ISTANBUL/ANKARA: Turkey pressed its military offensive against US-allied Kurdish fighters in northeast Syria, shelling towns and bombing targets from the air in an operation that has forced thousands of people to flee their homes.
At least 23 fighters with the Kurdish-led Syrian Democratic Forces (SDF) and eight civilians, two them SDF administrators, have been killed, the Syrian Observatory for Human Rights said.
The SDF has not given a casualty toll, while six fighters with Turkey-backed rebel groups have also been killed.
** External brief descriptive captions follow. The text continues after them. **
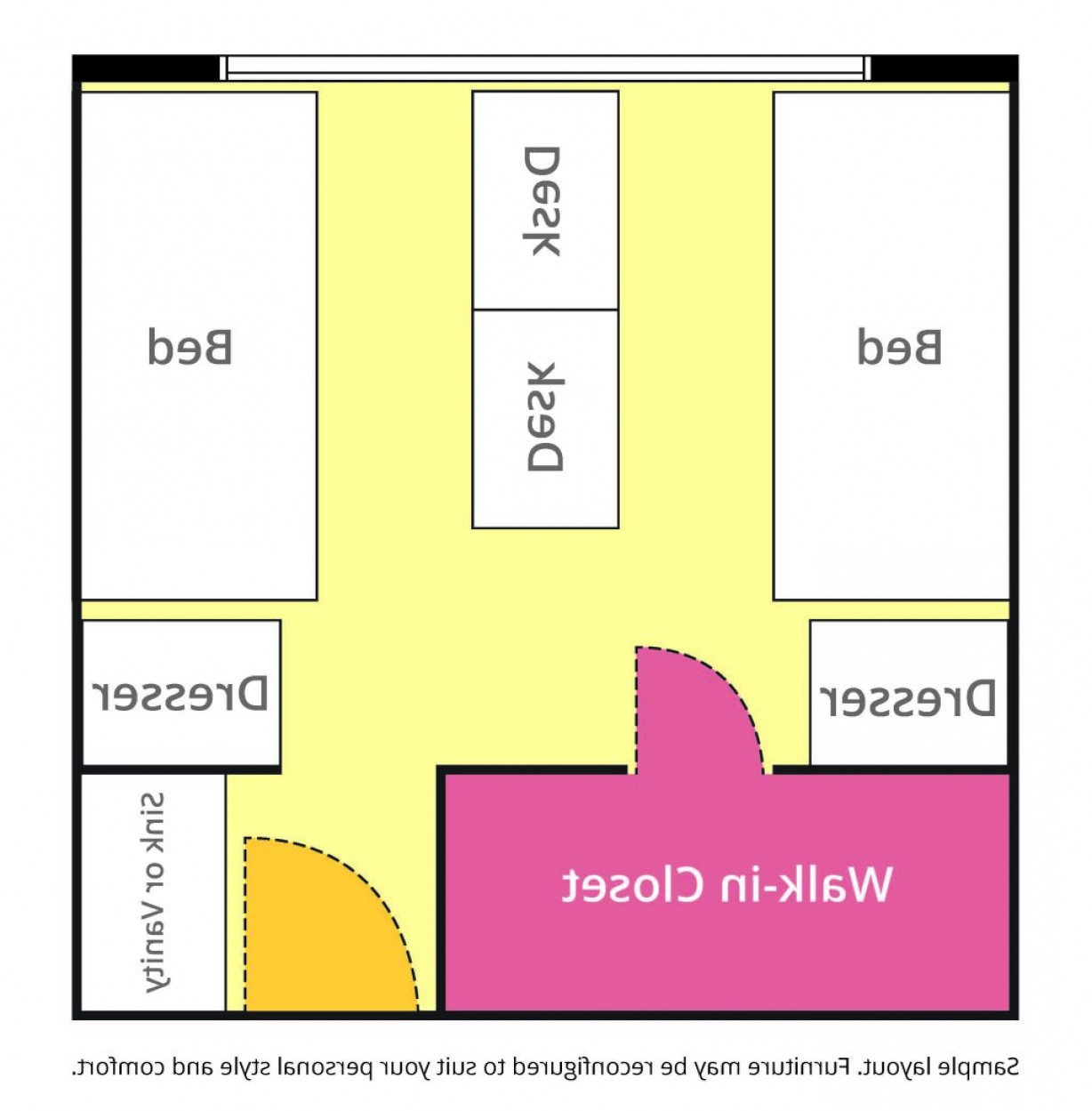 My Room Layout | Rewls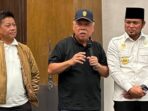 Ketua Umum Ikatan Cendekiawan Dayak Nasional (ICDN), Dr. Willy Midel Yoseph, melakukan kunjungan strategis ke Ibu Kota Negara (IKN) Nusantara, Selasa (12/05/2025).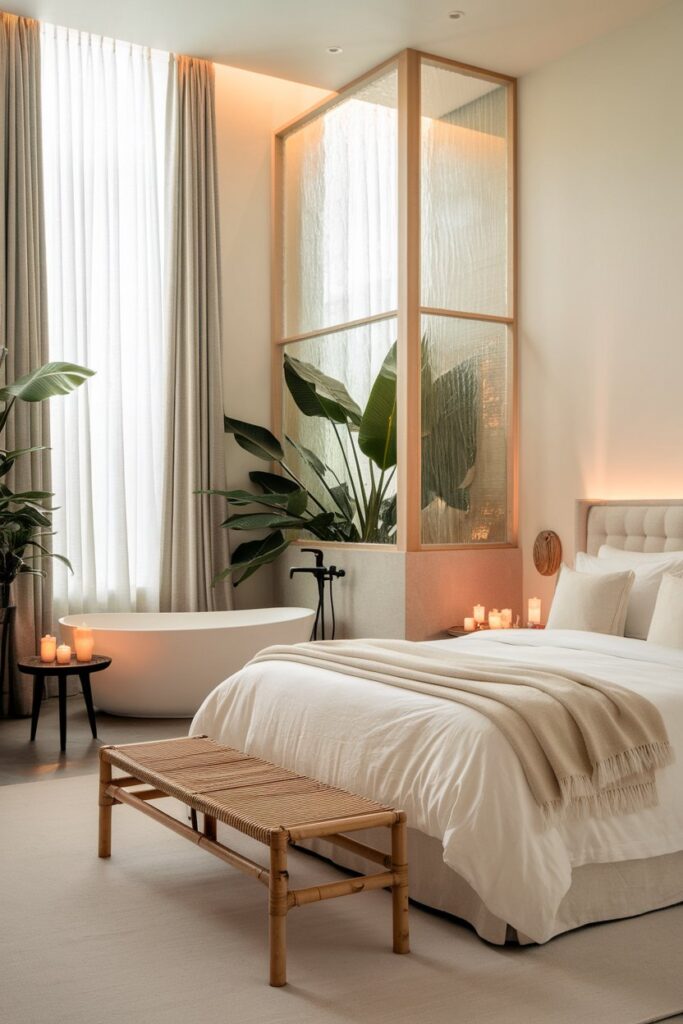 Spa-Like Elements with Relaxation Vibes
More than 60,000 people have fled since the offensive began, the Observatory added. The towns of Ras al-Ain and Darbasiya, some 60 km to the east, have been largely deserted as a result of the attack.
Turkish President Tayyip Erdogan told members of his AK Party in Ankara that 109 militants had been killed so far in the two days of fighting, while Kurds said they were resisting the assault. According to a senior Turkish security official, armed forces struck weapons and ammunition depots, gun and sniper positions, tunnels and military bases.
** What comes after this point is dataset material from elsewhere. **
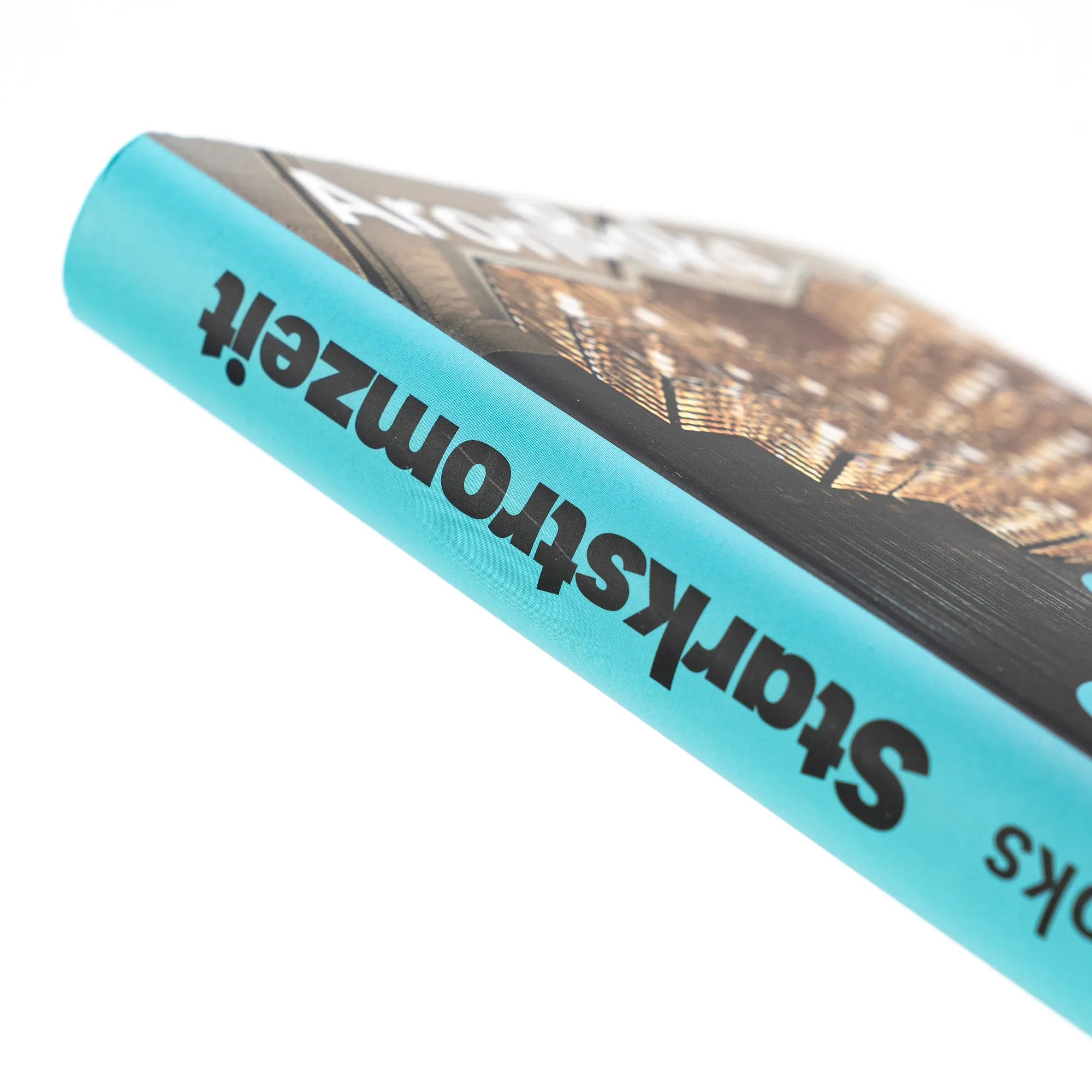 Produktansicht: Starkstromzeit. Vom Leben in einem Staat, den es nicht mehr gibt (Gebundene Ausgabe)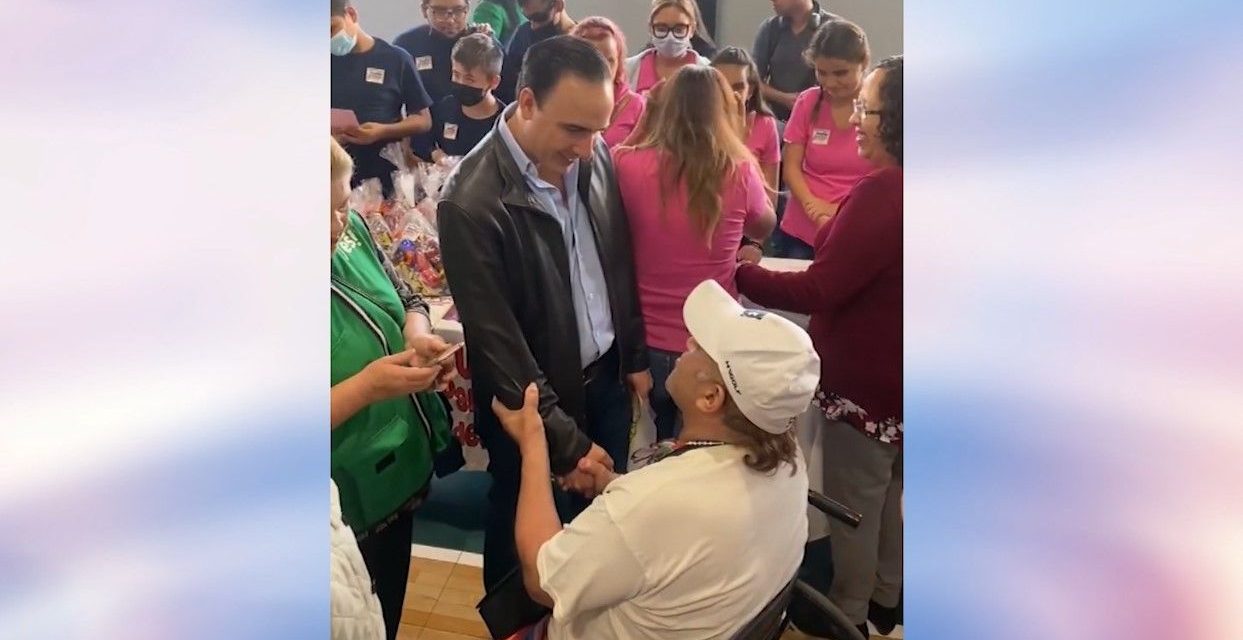 Un éxito la segunda Feria Estatal de la  Inclusión en Saltillo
Jets conducted operations up to 30 km (18 miles) into Syria, and a Reuters witness saw shells exploding just outside the town of Tel Abyad.
“The operation is currently continuing with the involvement of all our units… 109 terrorists have been killed so far,” Erdogan said in a speech to members of his AK Party in Ankara.
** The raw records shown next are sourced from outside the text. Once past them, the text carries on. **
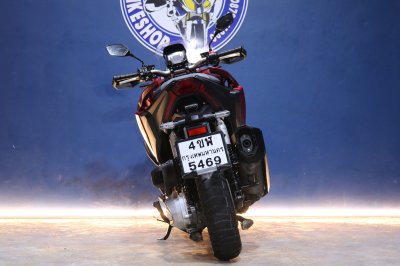 HONDA ADV 350 ปี 2022 สีแดง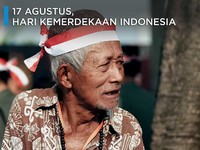Selamat Hari Merdeka! Apa yang Anda Rindukan dari Indonesia?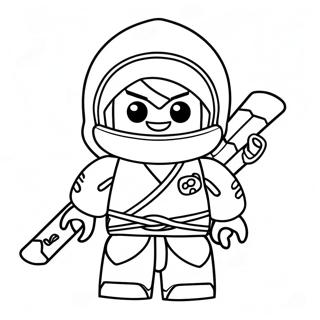 Nya Ninjago Fargeleggingsark 29146-26330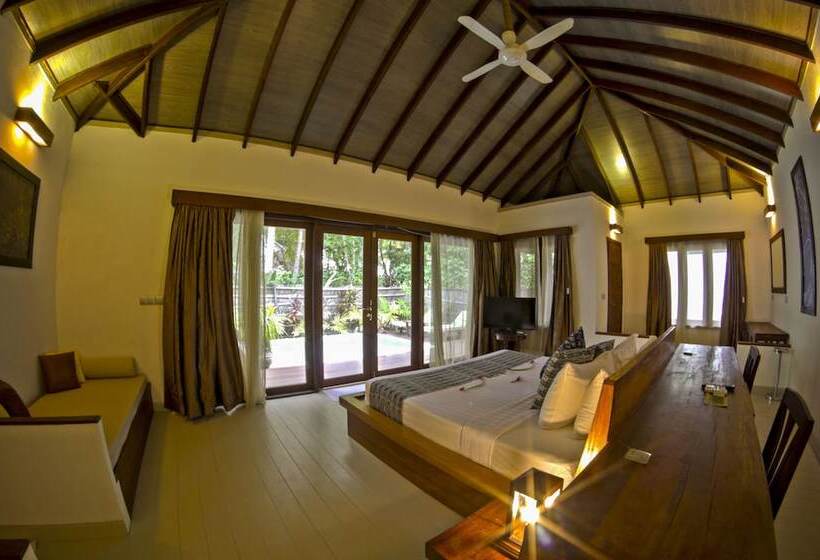 ویلای 1 خوابه, Kihaa Maldives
NATO member Turkey has said it intends to create a “safe zone” for the return of millions of refugees to Syria. But world powers fear the operation could intensify Syria’s eight-year-old conflict, and runs the risk of Islamic State prisoners escaping from camps amid the chaos.
Erdogan sought to assuage those concerns, saying that militants from the jihadist group would not be allowed to rebuild a presence in the region.
Taking aim at the European Union and Arab powers Saudi Arabia and Egypt, which have voiced opposition to the operation, Erdogan said those objecting to Turkey’s actions were dishonest.
He threatened to permit Syrian refugees in Turkey to move to Europe if EU countries described his forces’ move as an occupation. Turkey is hosting around 3.6 million people who have fled the conflict in Syria.
“They are not honest, they just make up words,” Erdogan said in a combative speech, singling out Saudi Arabia and Egypt. “We, however, take action and that is the difference between us.”
The Turkish operation began days after a pullback by US forces from the border, and senior members of US President Donald Trump’s own Republican Party condemned him for making way for the incursion. The decision has been widely criticised as an abandonment of Syrian Kurds.
The 22-member Arab League said it would hold an emergency meeting on Saturday. Israeli Prime Minister Benjamin Netanyahu condemned Turkey’s military incursion and cautioned about the possibility of ethnic cleansing. “Israel is prepared to extend humanitarian assistance to the gallant Kurdish people,” he wrote on Twitter.
Russia said it planned to push for dialogue between the Syrian and Turkish governments following the incursion. Italy condemned the offensive as “unacceptable”, saying military action in the past always led to terrorism. “The intervention risks greater humanitarian suffering and undermines the focus on countering Daesh (IS),” said British Foreign Secretary Dominic Raab.